Leah, played by Madeleine MacMahon, is trying to recover from a breakup. After a drunken night, she corrals her two friends, Shonagh (Holly Kavanagh) and Ali (Peyvand Sadeghian), into forming a punk band and putting on a gig. They perform various songs in true punk style as they are unable to play their instruments (their words!).
Meanwhile, the true nature of Leah’s toxic relationship is revealed while their self-belief gradually recovers. At one point, the absent drummer turns up. Joy, played by Laura Horton (with an amusing absence of joy), is the writer’s acting debut and gives us one of the funniest ‘songs’ ever (I can reveal no more). Lynn is the fictional PA to Alan Partridge who perfected the art of pulling a long-suffering face – a face Leah is accused of pulling, then becoming obsessed with gathering that facial expression from others.

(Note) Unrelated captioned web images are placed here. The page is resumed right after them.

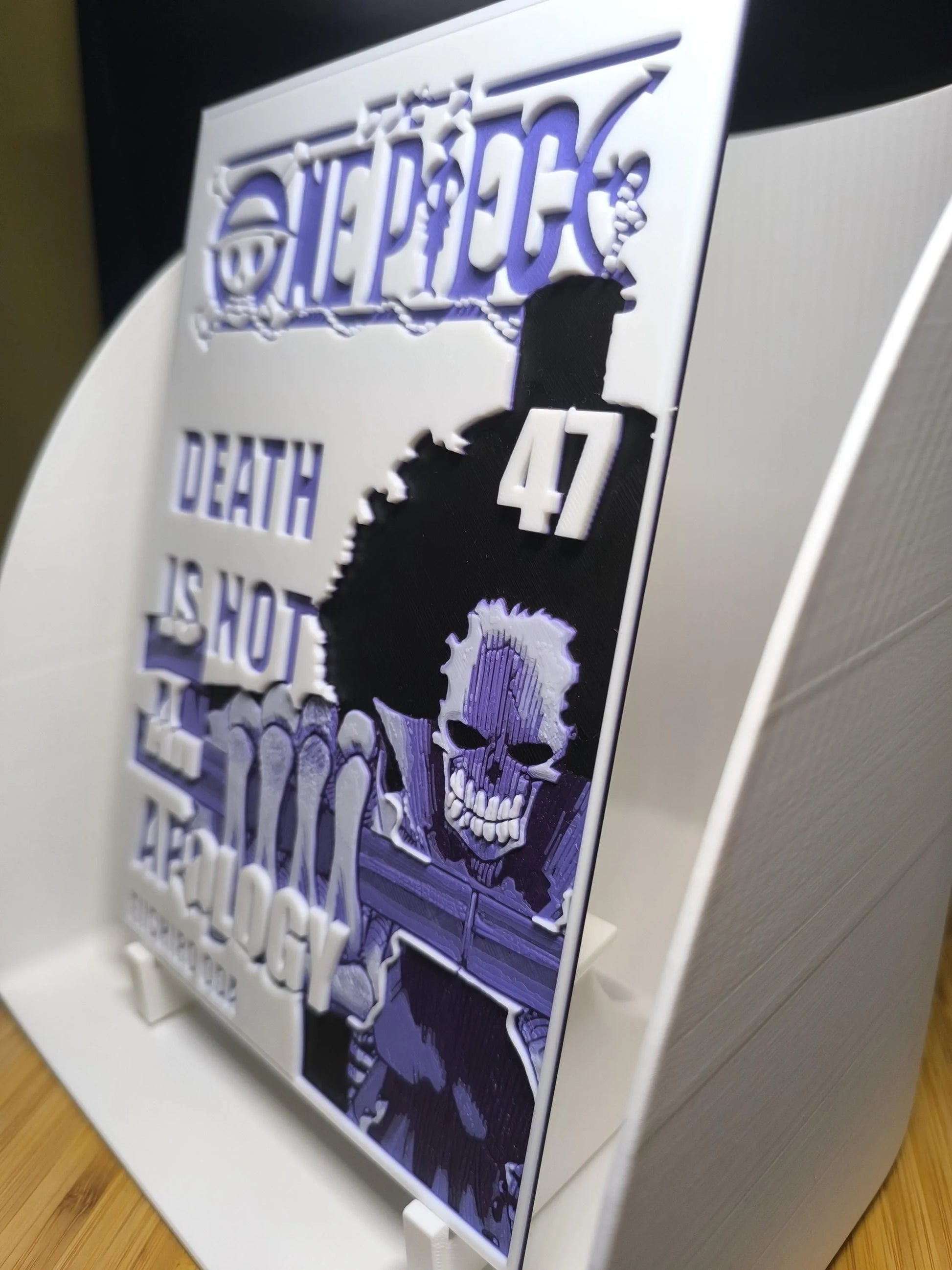 Plaque décorative One Piece avec texte 'Death is not a technology' et silhouette de personnage noir
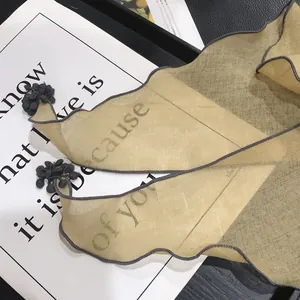 Close-up of semi-transparent scarf with wavy edges, grey pom-poms, and letter print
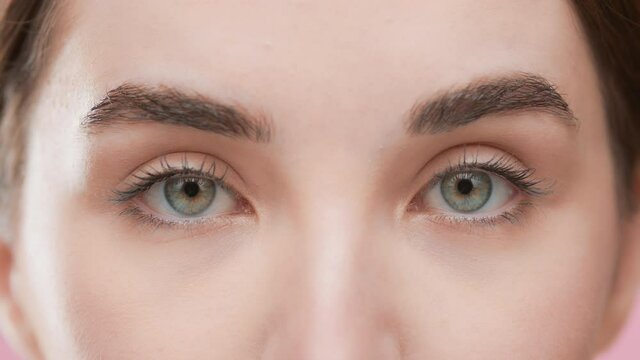 Extreme close-up of good-looking European female skincare model with brown hair opens her eyes moving her head up and looking at the camera against pink background | Skincare commercial
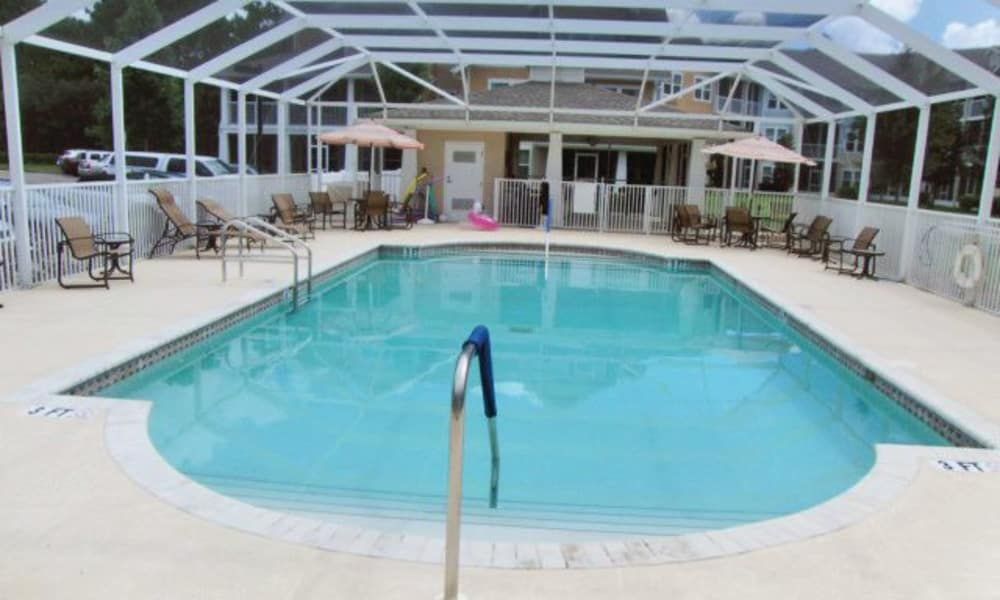 An enclosed outdoor swimming pool with patio furniture surrounding it.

This leads to the fateful meeting with her ex. The band is named Lynn Faces in that honour, first appearing wearing cardboard masks of Lynn.

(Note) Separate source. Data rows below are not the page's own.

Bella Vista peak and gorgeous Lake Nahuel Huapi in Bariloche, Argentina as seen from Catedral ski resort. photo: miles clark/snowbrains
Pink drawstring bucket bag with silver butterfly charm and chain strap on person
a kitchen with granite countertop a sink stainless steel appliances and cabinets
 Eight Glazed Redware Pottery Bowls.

There is so much to like about this play: the wincingly true words, the painfully bad songs with such truthful lyrics, Madeleine MacMahon’s engaging Leah who gives such a truthful and charismatic performance, not to mention the sudden appearance of a large crocheted prop (avoiding spoilers). There is a moment where a huge revelation occurs which kept the audience in rapt silence and almost tearful.
However, the pace at the beginning was very slow. The humour of trying to present a bad gig, the lights going wrong, etc., was all rather forced, and the comedy timing seemed to get lost as the actors tried too hard to be funny.
Once the script took over and the characters started to reveal themselves, the natural humour shone through with some wonderfully tragi-comic moments to treasure. With some further development and judicious script editing, this play could achieve so much more.
Lynn Faces is also a rather wonderful homage to friendship and how they get you through difficult times. The play tackles a challenging subject with delicate humour, topped off with some really rather catchy punk tunes with absurd lyrics that you can’t help but hum along with.